__Exercise prompt__: Every record below is to be restated verbatim, though its images are not.

START Given data

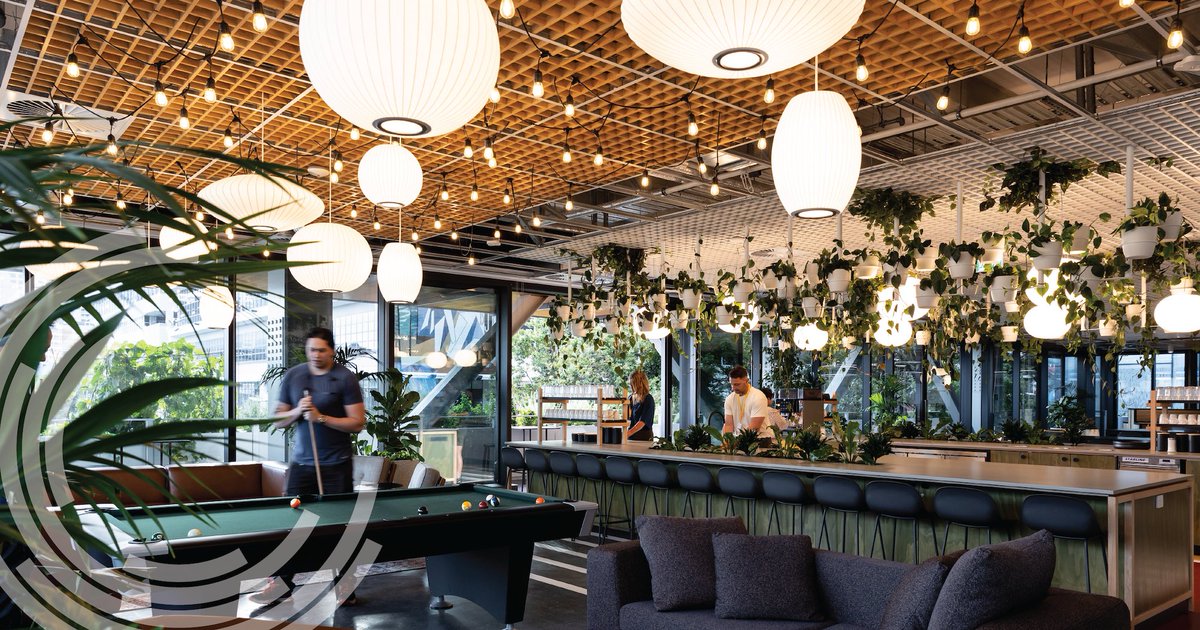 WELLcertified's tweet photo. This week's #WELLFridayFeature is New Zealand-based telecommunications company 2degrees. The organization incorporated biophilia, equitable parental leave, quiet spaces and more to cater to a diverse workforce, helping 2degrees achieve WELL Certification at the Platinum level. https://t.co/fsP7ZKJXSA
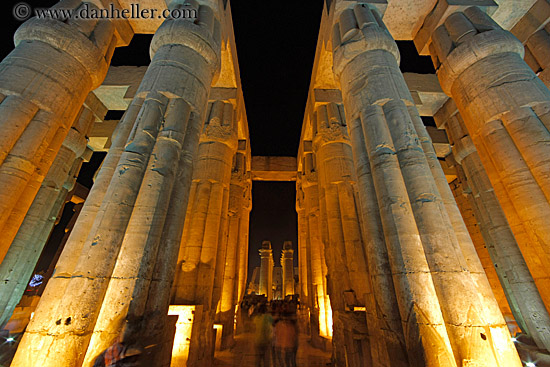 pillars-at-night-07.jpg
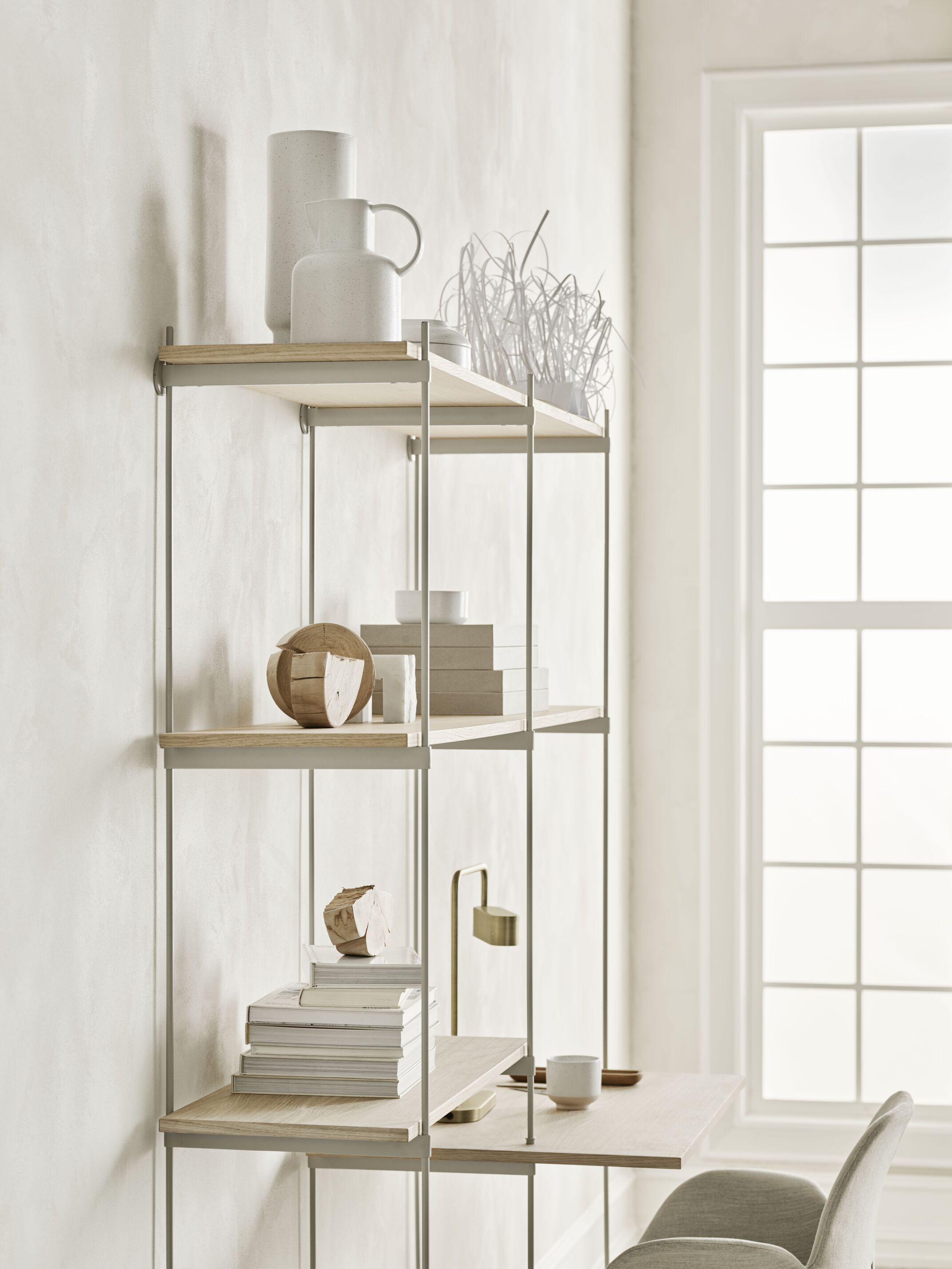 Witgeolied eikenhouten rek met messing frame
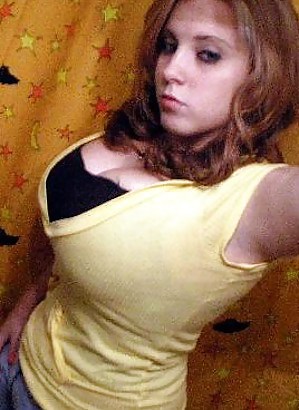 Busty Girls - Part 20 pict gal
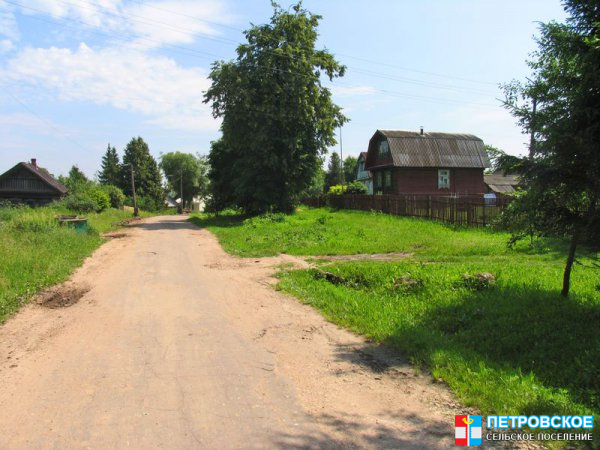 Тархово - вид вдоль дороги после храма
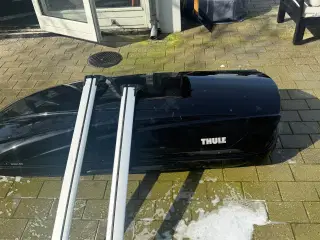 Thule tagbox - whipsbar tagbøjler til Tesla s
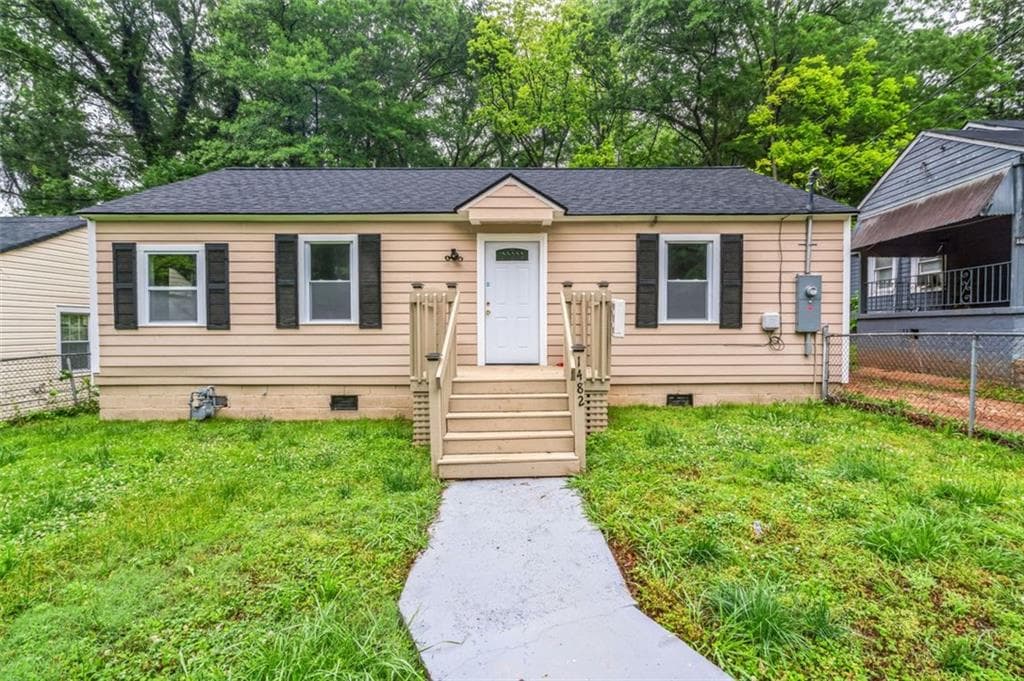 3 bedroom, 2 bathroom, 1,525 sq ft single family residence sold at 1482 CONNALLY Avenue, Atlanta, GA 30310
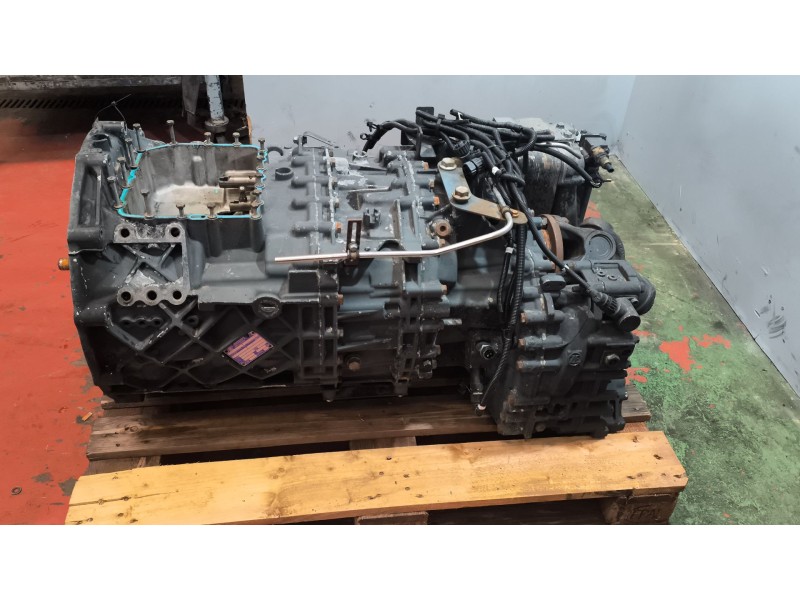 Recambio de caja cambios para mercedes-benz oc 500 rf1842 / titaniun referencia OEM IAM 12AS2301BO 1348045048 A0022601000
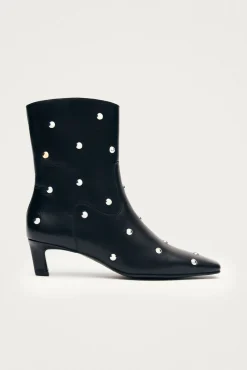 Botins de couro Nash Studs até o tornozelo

END Given data

__Written solution__:
 WELLcertified's tweet photo. This week's #WELLFridayFeature is New Zealand-based telecommunications company 2degrees. The organization incorporated biophilia, equitable parental leave, quiet spaces and more to cater to a diverse workforce, helping 2degrees achieve WELL Certification at the Platinum level. https://t.co/fsP7ZKJXSA
 pillars-at-night-07.jpg
 Witgeolied eikenhouten rek met messing frame
 Busty Girls - Part 20 pict gal
 Тархово - вид вдоль дороги после храма
 Thule tagbox - whipsbar tagbøjler til Tesla s
 3 bedroom, 2 bathroom, 1,525 sq ft single family residence sold at 1482 CONNALLY Avenue, Atlanta, GA 30310
 Recambio de caja cambios para mercedes-benz oc 500 rf1842 / titaniun referencia OEM IAM 12AS2301BO 1348045048 A0022601000
 Botins de couro Nash Studs até o tornozelo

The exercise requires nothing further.